**Problem details:**
Below is a block of records: output all of them exactly and leave out the pictures.
____ Data for this task
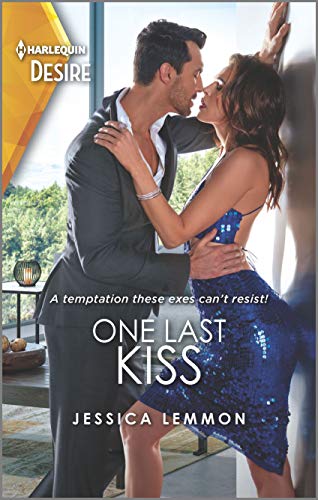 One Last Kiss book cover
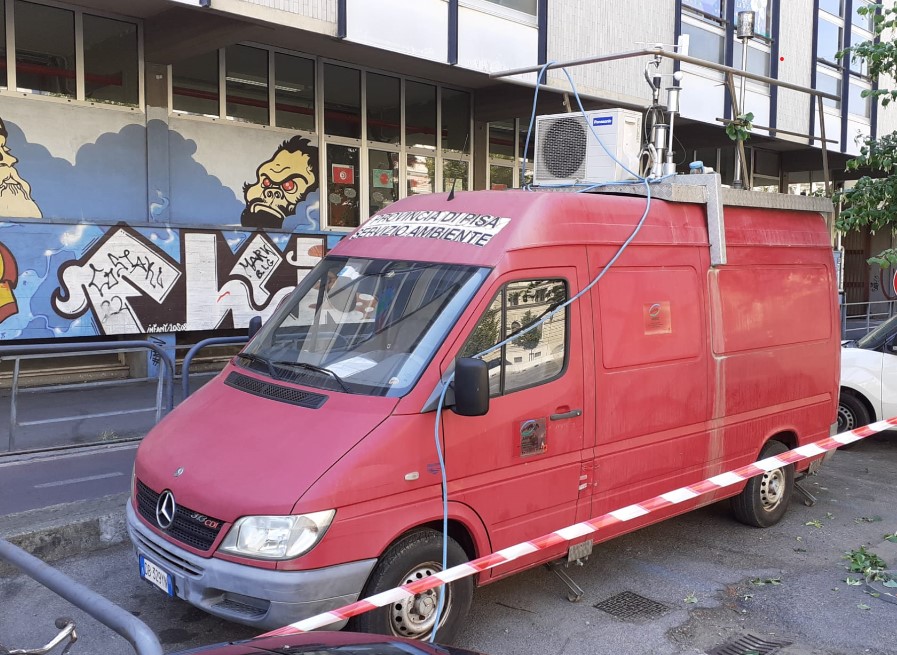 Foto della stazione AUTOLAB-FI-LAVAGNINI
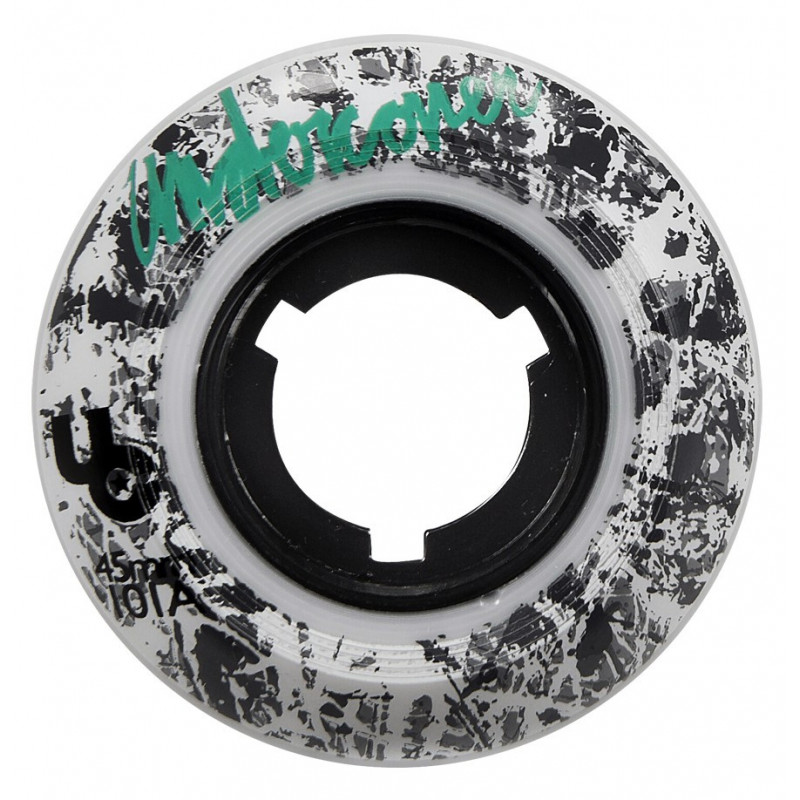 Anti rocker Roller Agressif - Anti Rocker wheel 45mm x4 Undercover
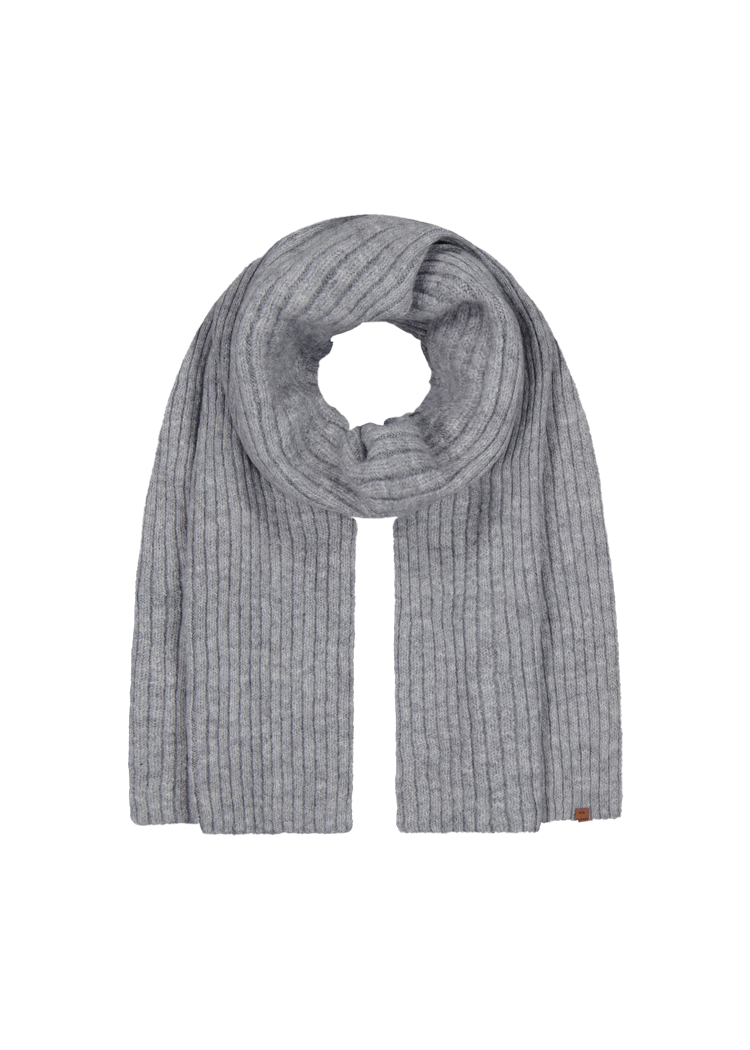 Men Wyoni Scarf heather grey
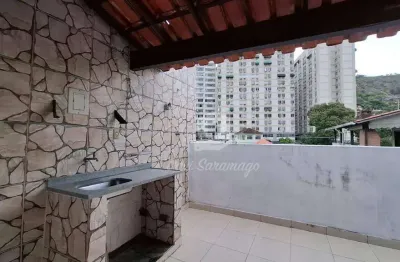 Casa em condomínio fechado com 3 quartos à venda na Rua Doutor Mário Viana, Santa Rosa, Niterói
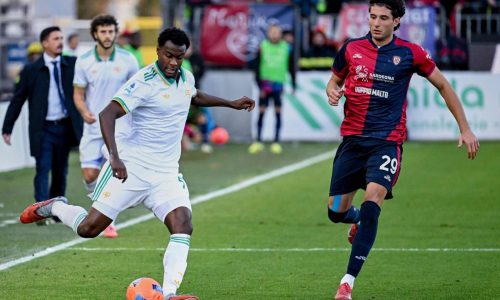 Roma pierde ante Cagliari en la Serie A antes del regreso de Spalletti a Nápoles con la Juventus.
________
**Result:**
 One Last Kiss book cover
 Foto della stazione AUTOLAB-FI-LAVAGNINI
 Anti rocker Roller Agressif - Anti Rocker wheel 45mm x4 Undercover
 Men Wyoni Scarf heather grey
 Casa em condomínio fechado com 3 quartos à venda na Rua Doutor Mário Viana, Santa Rosa, Niterói
 Roma pierde ante Cagliari en la Serie A antes del regreso de Spalletti a Nápoles con la Juventus.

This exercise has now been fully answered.